[Opening Records shown section]

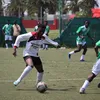 bebetojr08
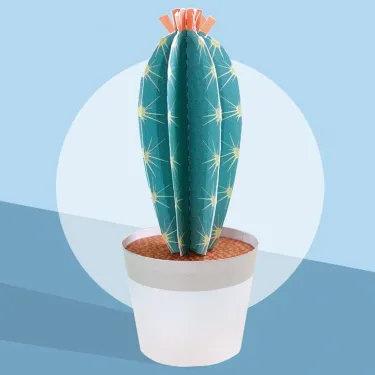 Les petits cactus, maquettes en papier 'Sophie et Martin'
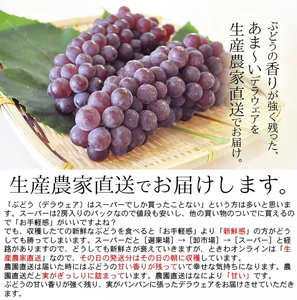 [先行予約] 神宮寺ぶどう (デラウエア) 2kg [0220]
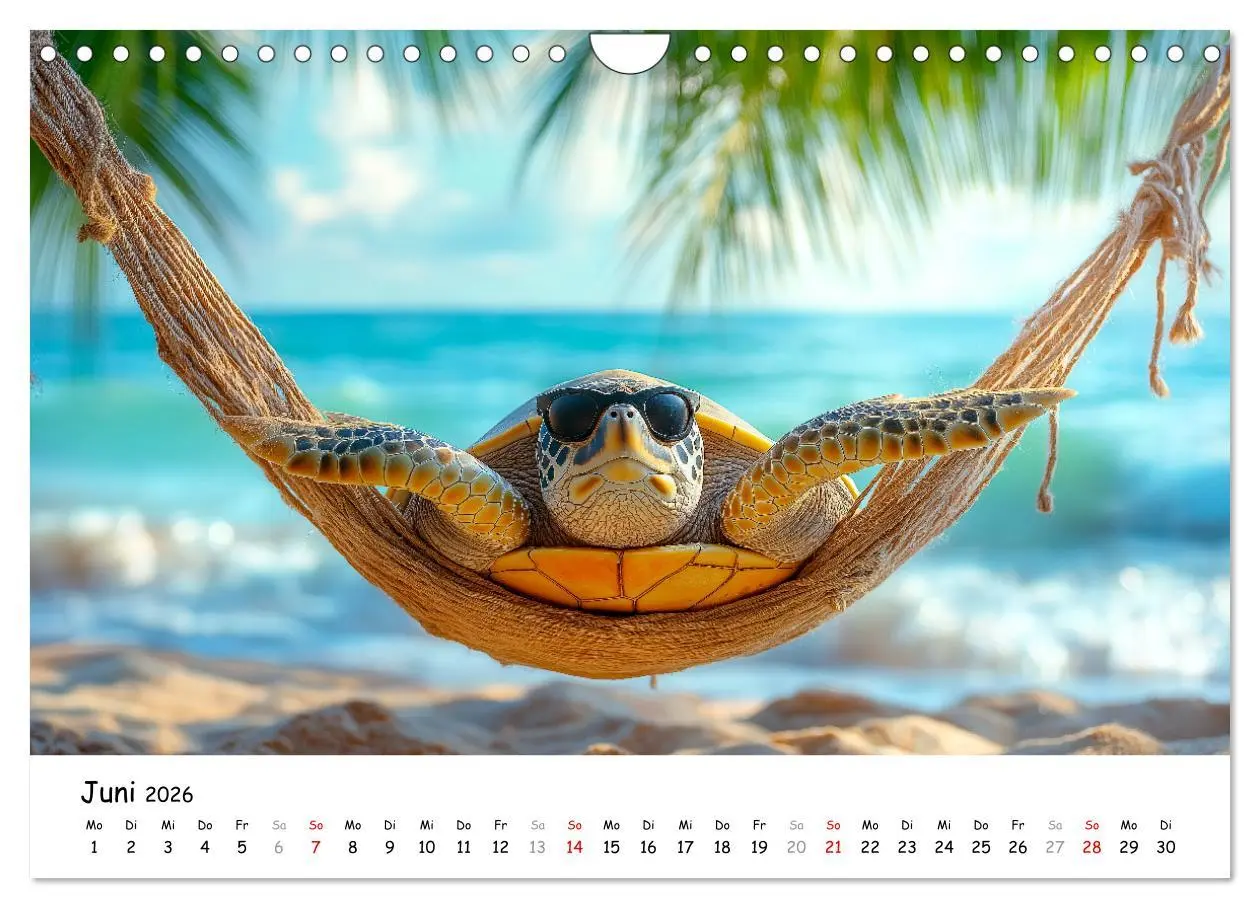 Bild: 9783457310359 | CHILL MAL - Entspannte Schildkröten beim Faulenzen (Wandkalender...
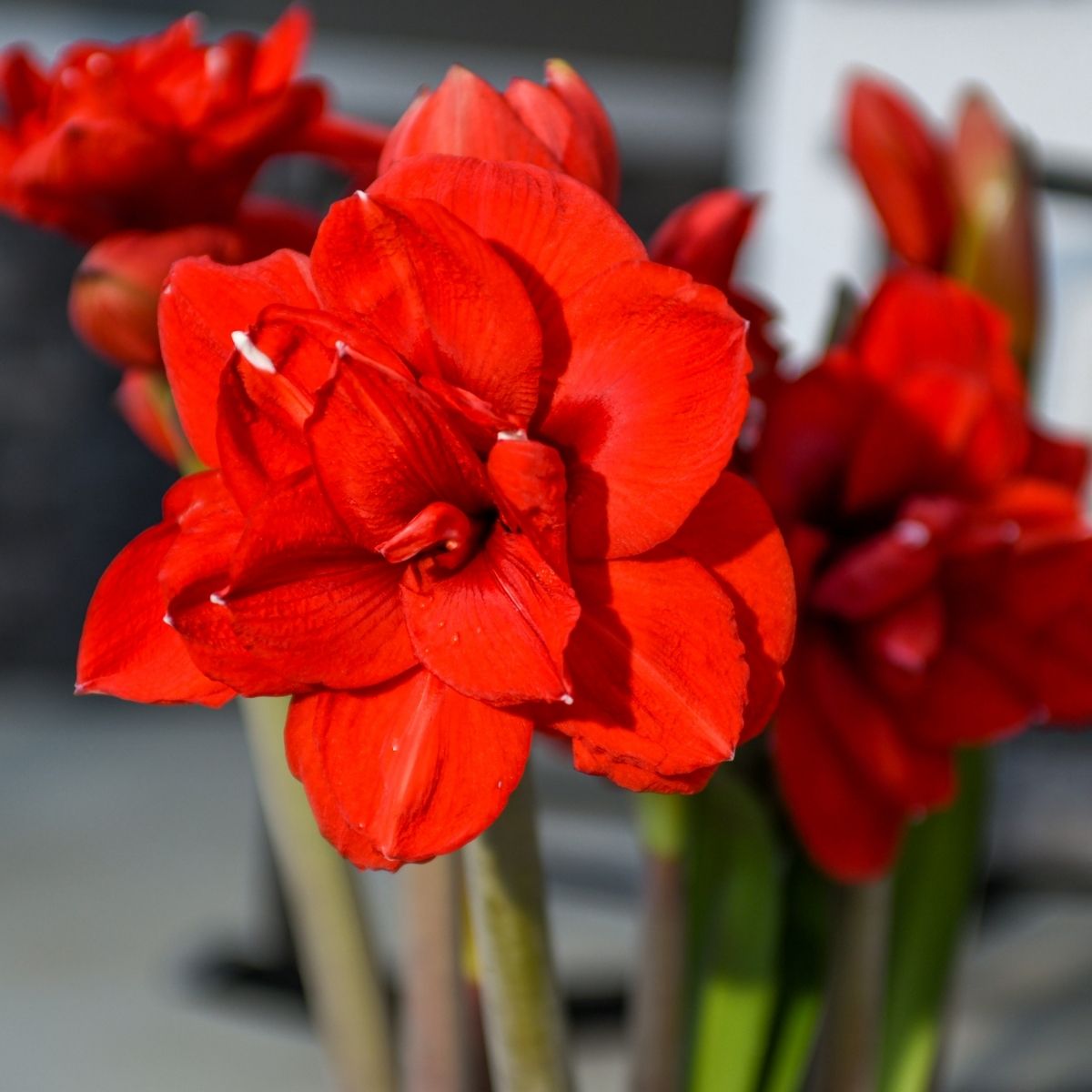 邦楽 amaryllis JokerAmaryllis_grande.jpg?v=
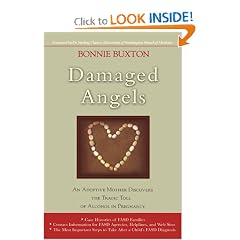 Damaged Angels: An Adoptive Mother�s Struggle to Understand the Tragic Toll of Alcohol in Pregnancy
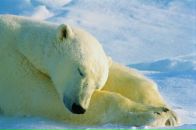 Наталі Бойчук фотография #35 (источник - https://vk.com/id35906775)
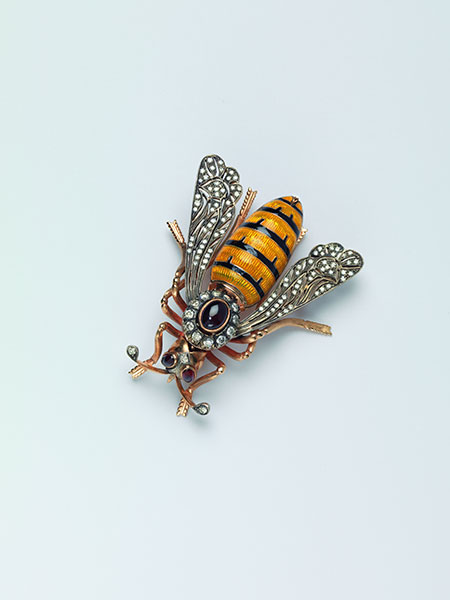 Bee photo image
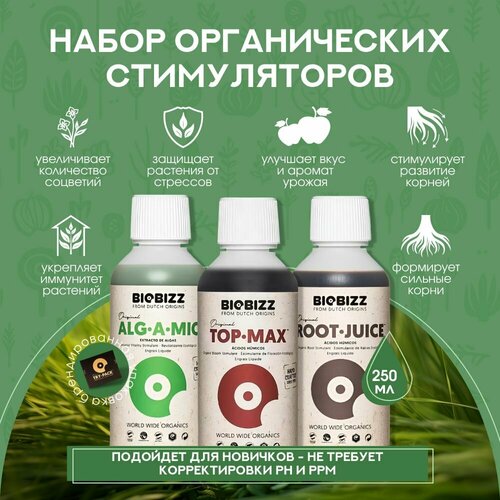           BioBizz Stimulant ack (Root-Juice, Alg-a-Mic, Top-Max) 250 .   -     -,    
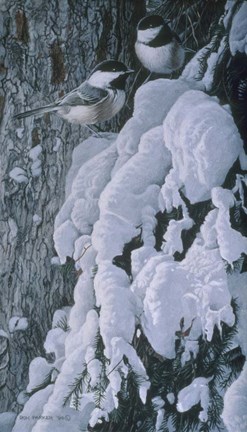 Framed Chickadees In Snow Print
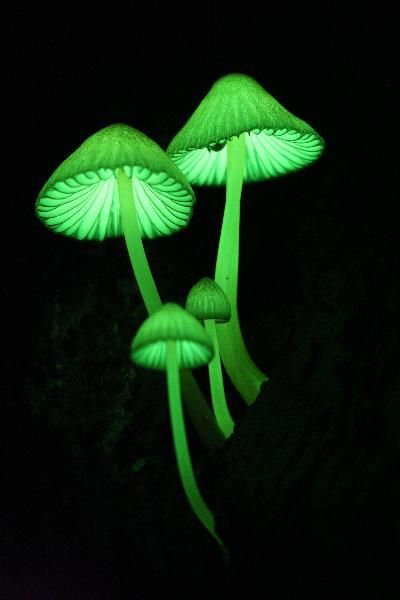 6484921b0738685788516c9c392e6c90 botany mushrooms.jpg
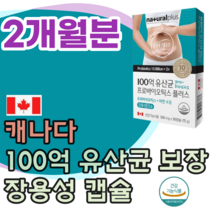 식약처 인증 캐나다 100억 CFU 유산균 프로 바이오 틱스 아연 보충 17종 혼합 장용성 코팅 캡슐 락토바실러스 불가리쿠스 아시도필러스 비피도 박테리움 롱검 브레브 파는곳 추천, 2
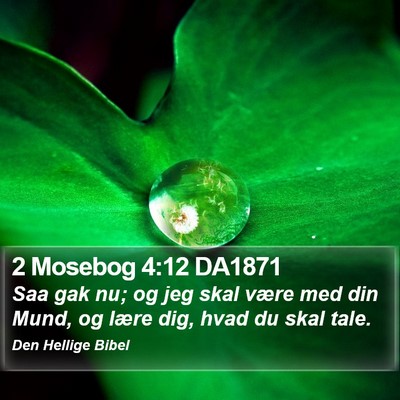 2 Mosebog 4:12 DA1871 Bible Verse Image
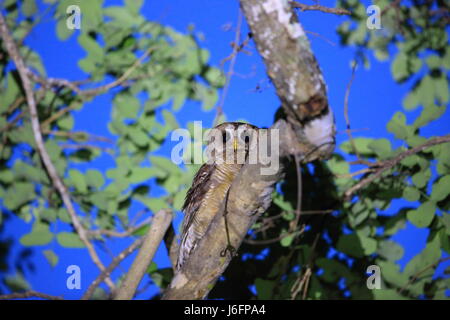 Legno africano allocco (Strix woodfordii) in Zambia Foto Stock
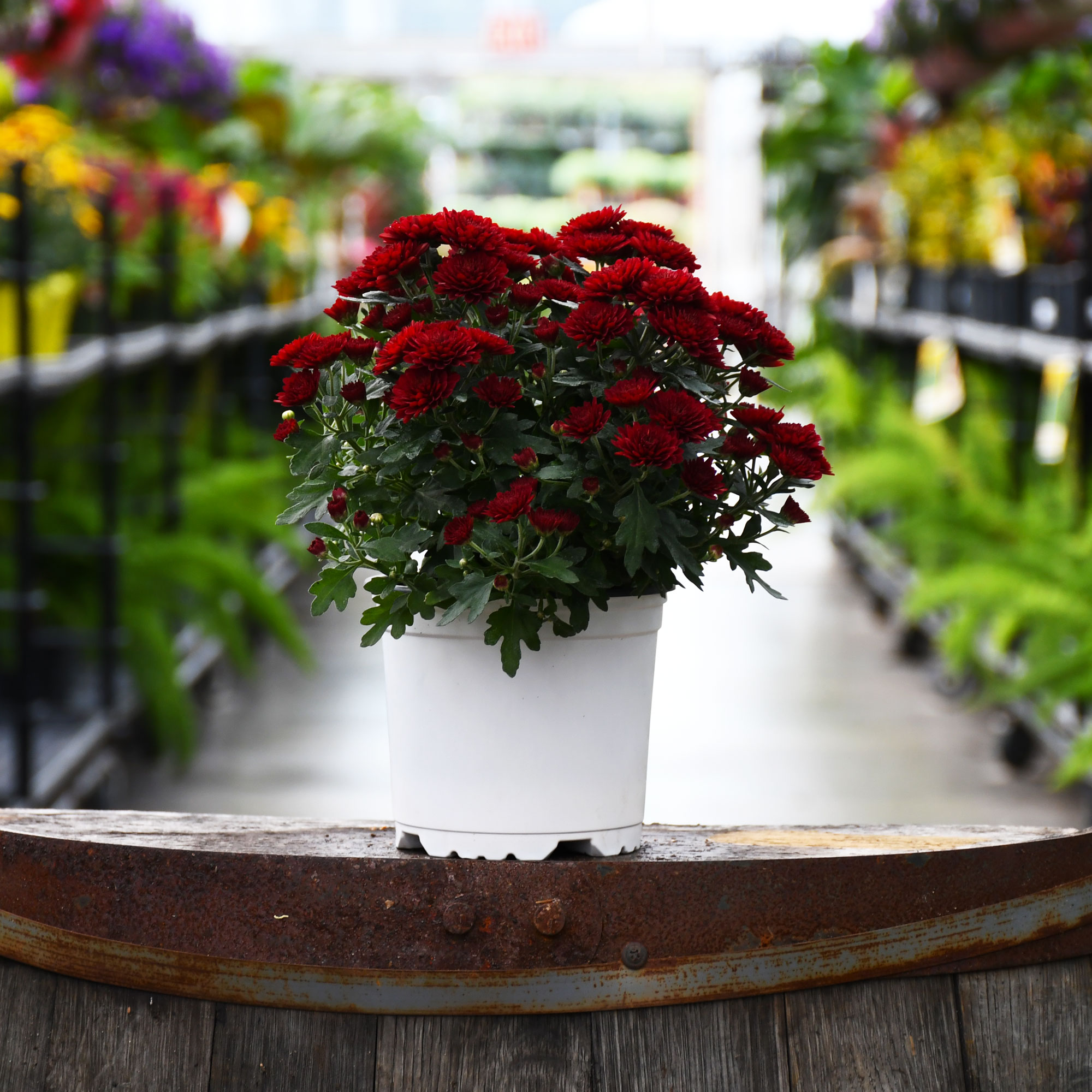5.25" MUM RED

[Closing Records shown section]

__Required work__. Beginning with the line above that has "Наталі Бойчук фотография" and going on through the line that has "6484921b0738685788516c9c392e6c90 botany mushrooms.jpg", retype every line exactly and add nothing else; drop the pictures.

__Solved exercise__.
 Наталі Бойчук фотография #35 (источник - https://vk.com/id35906775)
 Bee photo image
           BioBizz Stimulant ack (Root-Juice, Alg-a-Mic, Top-Max) 250 .   -     -,    
 Framed Chickadees In Snow Print
 6484921b0738685788516c9c392e6c90 botany mushrooms.jpg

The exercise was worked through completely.